5-    Qual o autor, ou obra, que marcou a sua vida e qual a influência dele em sua carreira de escritor?

Os livros me marcam mais do que os autores. Vou pincelando um aqui, um ali, e eles me desafiam a descobrir mais a meu respeito, a olhar mais fundo nesse caldeirão criativo que temos dentro de nós, a me aprimorar, romper novos limites.

Dois livros lidos recentemente que me acrescentaram muito foram “Por Escrito”, o novo romance da Elvira Vigna, e “Asa de Sereia”, livro de crônicas do Luís Henrique Pellanda. Vale a pena como leitor, e são experiências obrigatórias para quem pensa em ser autor.

 

6-    Quanto tempo por dia você dedica à escrita?

Se pensarmos só na digitação, varia bastante. Eu não sou adepto do “sentar todo dia e escrever” como norma de sucesso. Tem gente que diz que a disciplina de horários é a diferença entre um escritor amador e um profissional, e pra mim isso é uma baboseira danada. Porque escrever é observar, prestar atenção no mundo ao seu redor, no gesto de uma pessoa que desencadeia uma história inteira. Escrever é olhar para o teto, rabiscar no caderno, é ler muito, ver muitos filmes, treinar o seu diálogo com o mundo. Se pensarmos em todo esse conjunto, dedico 100% das minhas horas à escrita. Senão, dependendo do dia, prefiro sentar e ler uma boa HQ.

 

 

7-    Vemos o mercado de cursos de escrita criativa em constante crescimento. Qual a sua opinião a respeito desses cursos?

É importante aprimorar constantemente as suas ferramentas de trabalho, ou descobrir quais são essas ferramentas. Tem gente que consegue isso com leitura somente, com observação, tem gente que descobre seus processos em cursos e oficinas. Cada um encontra o seu caminho e um não é melhor do que o outro. O que eu acho de valioso nos cursos é o contato com outras pessoas, gente que tem sonhos parecidos com os seus, a possibilidade de um debate mais plural, às vezes o nascimento de um projeto. Essa troca vale mais do que qualquer exercício de escrita que o ‘professor’ venha a passar.

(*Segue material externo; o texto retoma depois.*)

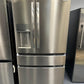 Frigidaire 4-Door Refrigerator – Stainless Steel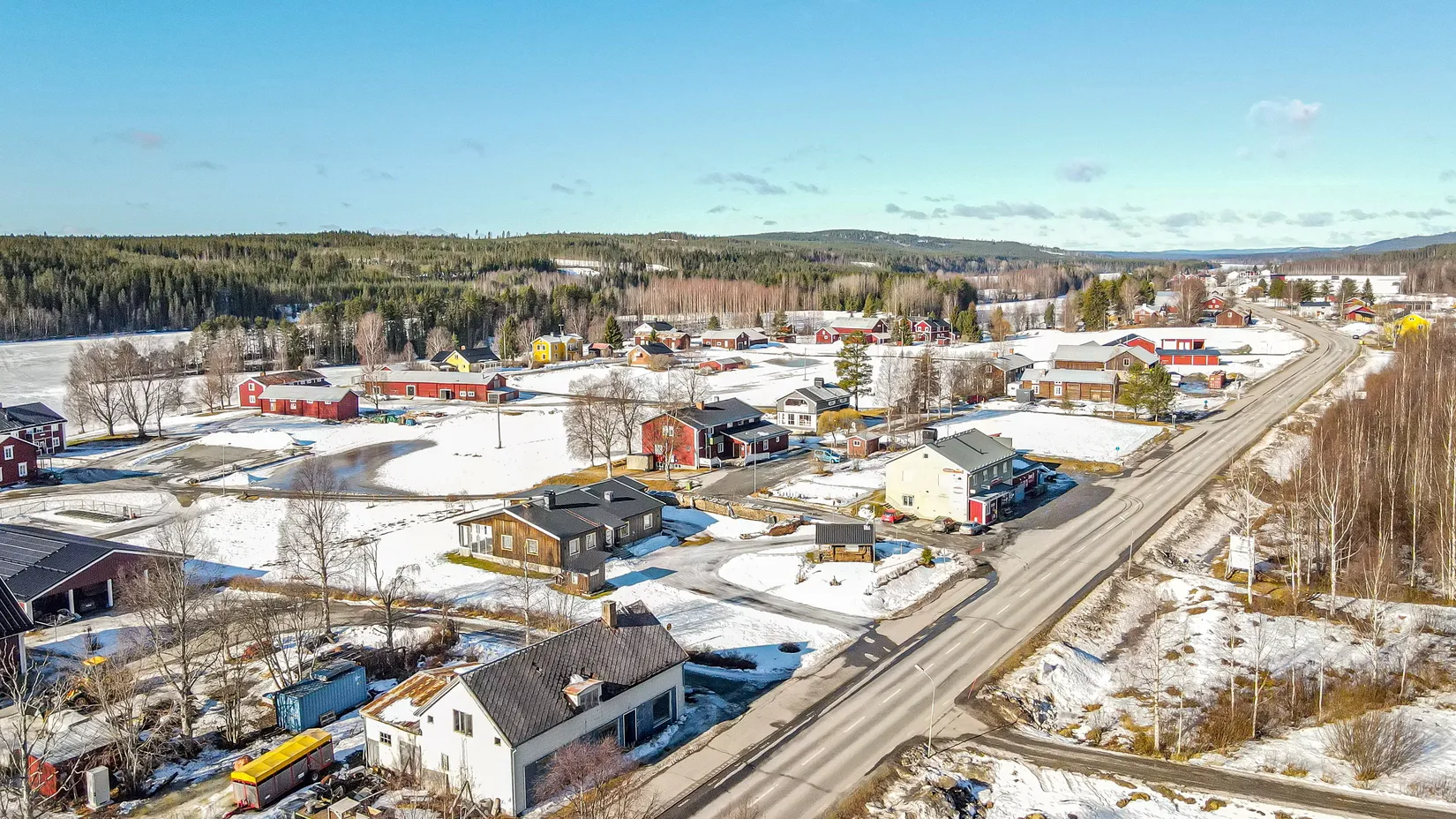 Villa, Långmyrvägen 7, Granö, Vindeln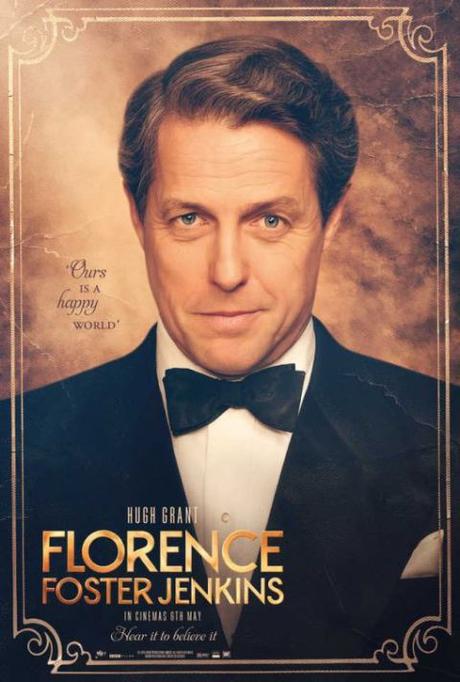 Tráiler y afiches de Florence Foster Jenkins con Meryl Streep y Hugh Grant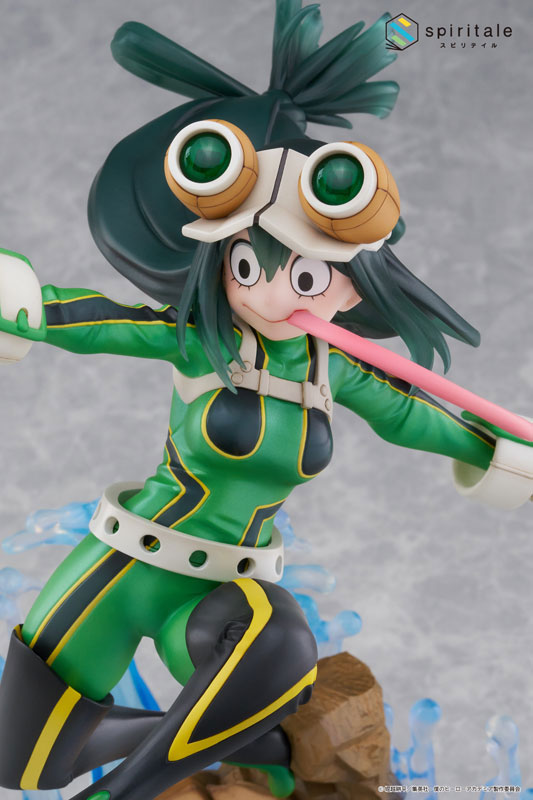 My Hero Academia Tsuyu Asui -Frog- Hero Suit Ver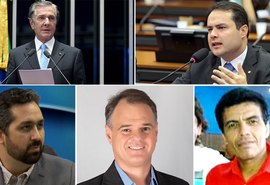Agenda de hoje dos candidatos ao governo de Alagoas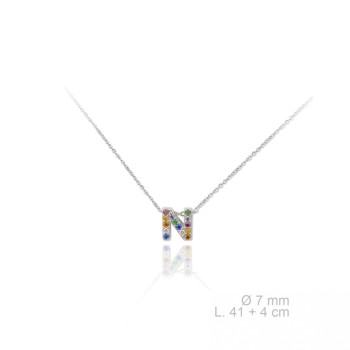 Silver Necklaces | N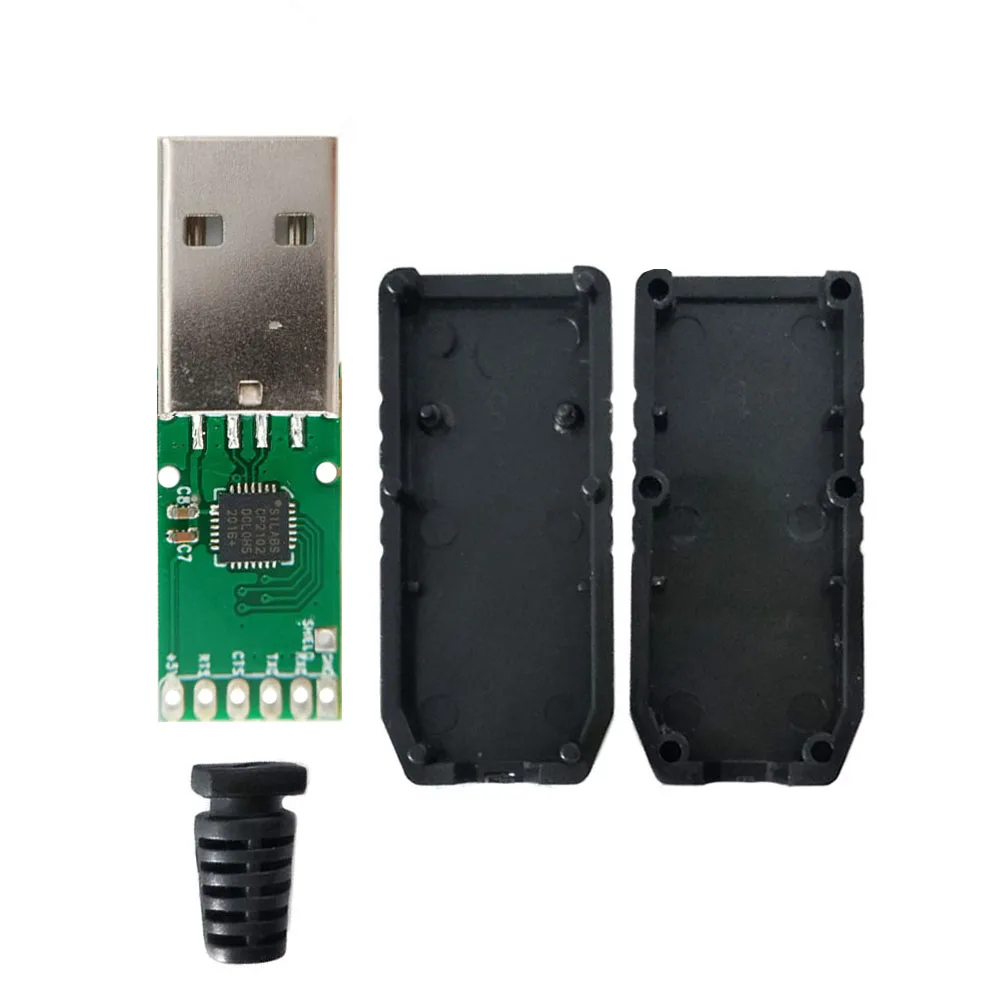 SiliconLabsCP210xUSBtoUARTSerialAdapterPCBAModuleUSBRS232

Eu nunca fiz oficina literária, mas fiz escola de cinema e sou muito grato por tudo que lá aprendi.

 

 

8-    Enquanto escritor, você pode dizer que teve alguma decepção com a profissão?

Listo em ordem cronológica ou alfabética?

O mundo não se mede pelas nossas expectativas. E publicar é conhecer os bastidores de um mundo que achávamos mágico até então. Descobrir tudo que existe de feio por trás de cada capa e matéria bonita. É inevitável se decepcionar. O importante é não desistir nem dar trela para quem tenta te puxar para baixo.

 

9-    Os jovens escritores, hoje, reclamam muito com relação à dificuldade de publicarem seus textos. Como você vê o mercado editorial hoje?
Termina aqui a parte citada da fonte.